• _GOAL OF THE EXERCISE_
Set down all of the data that follows word for word, without the images.

• _DATASET SECTION_

--------------------

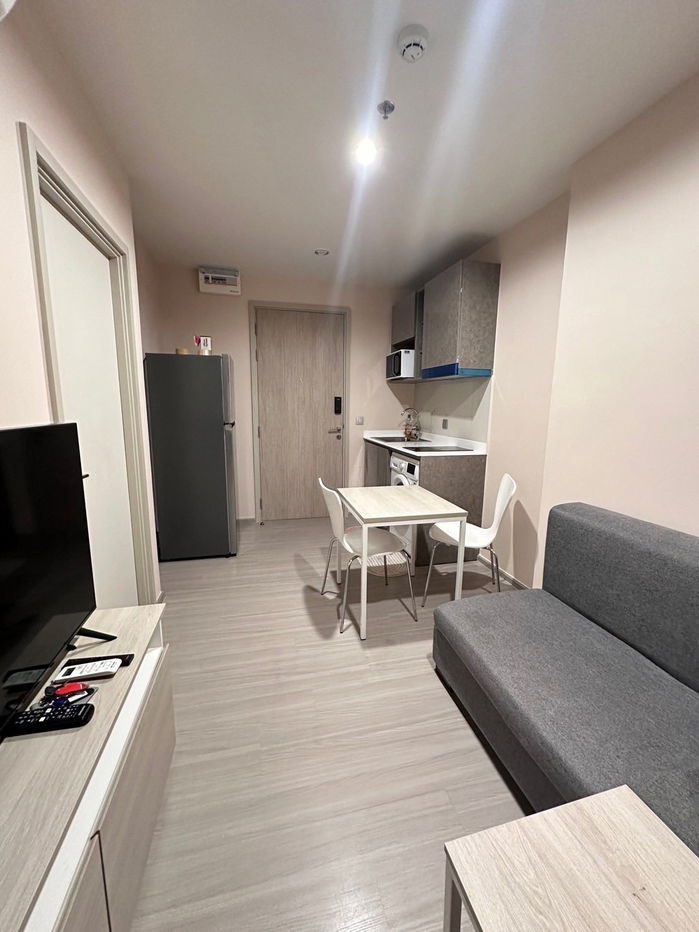 For Rent : ST0358 : Aspire Erawan Prime * Available December 15, 2025 *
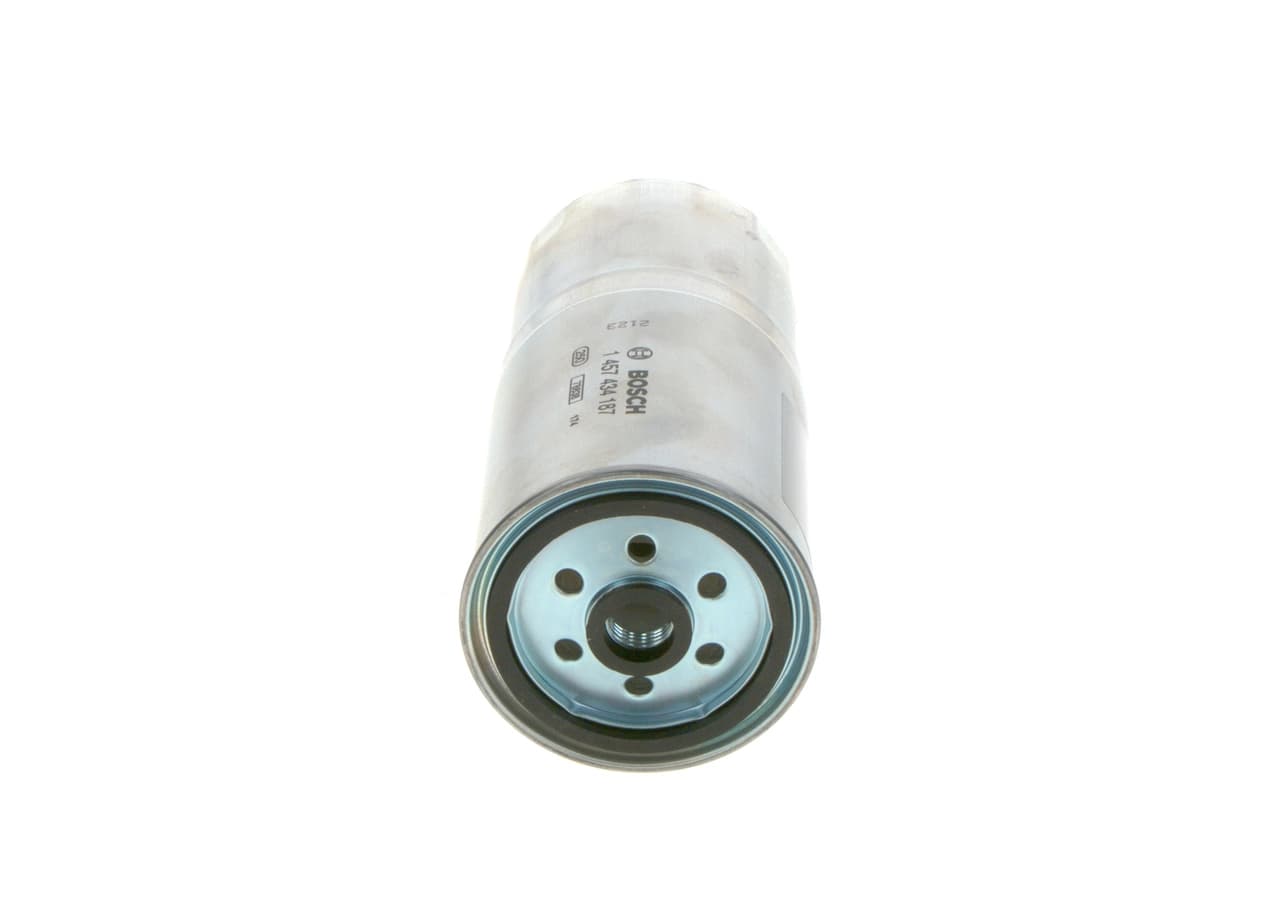 Filtre a carburant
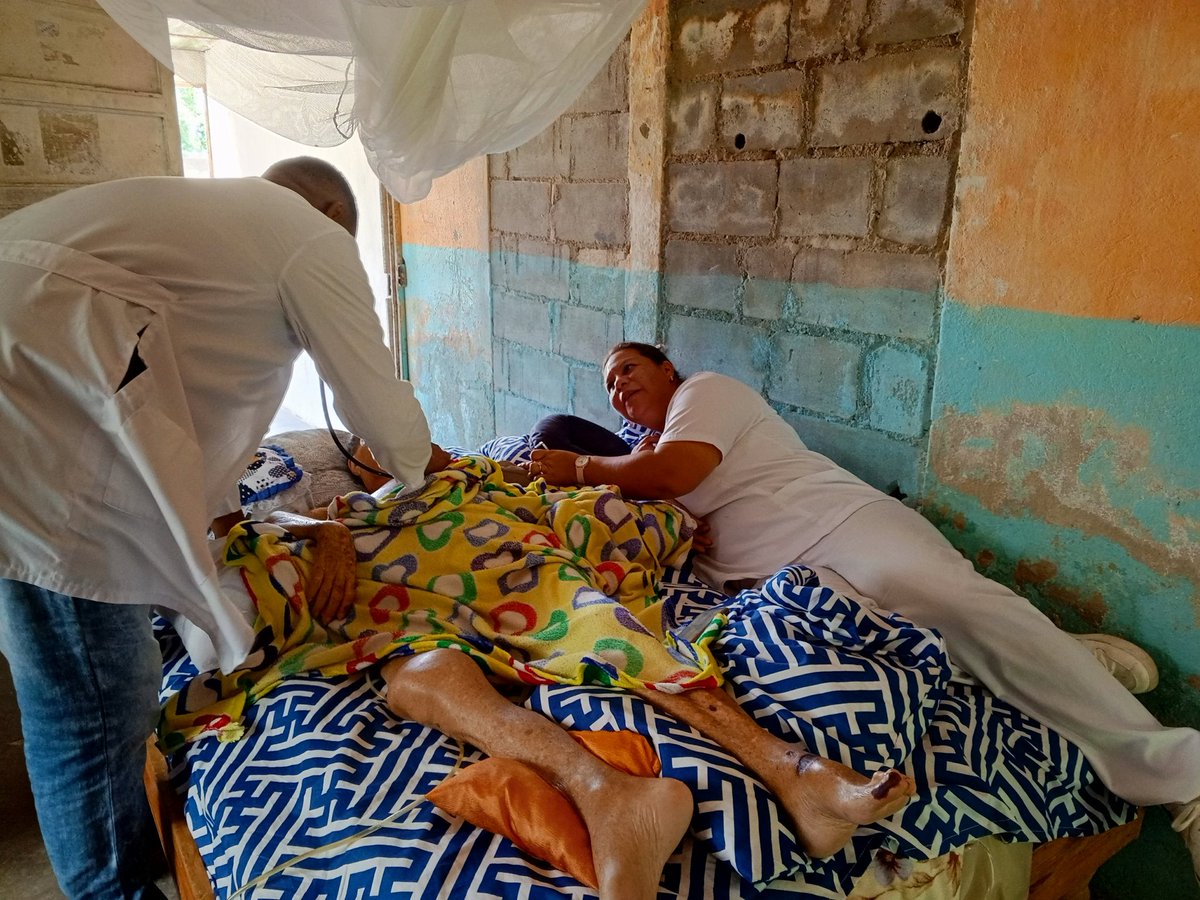 IPASME CASACOIMA tweet media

--------------------

• _REPLY_
 For Rent : ST0358 : Aspire Erawan Prime * Available December 15, 2025 *
 Filtre a carburant
 IPASME CASACOIMA tweet media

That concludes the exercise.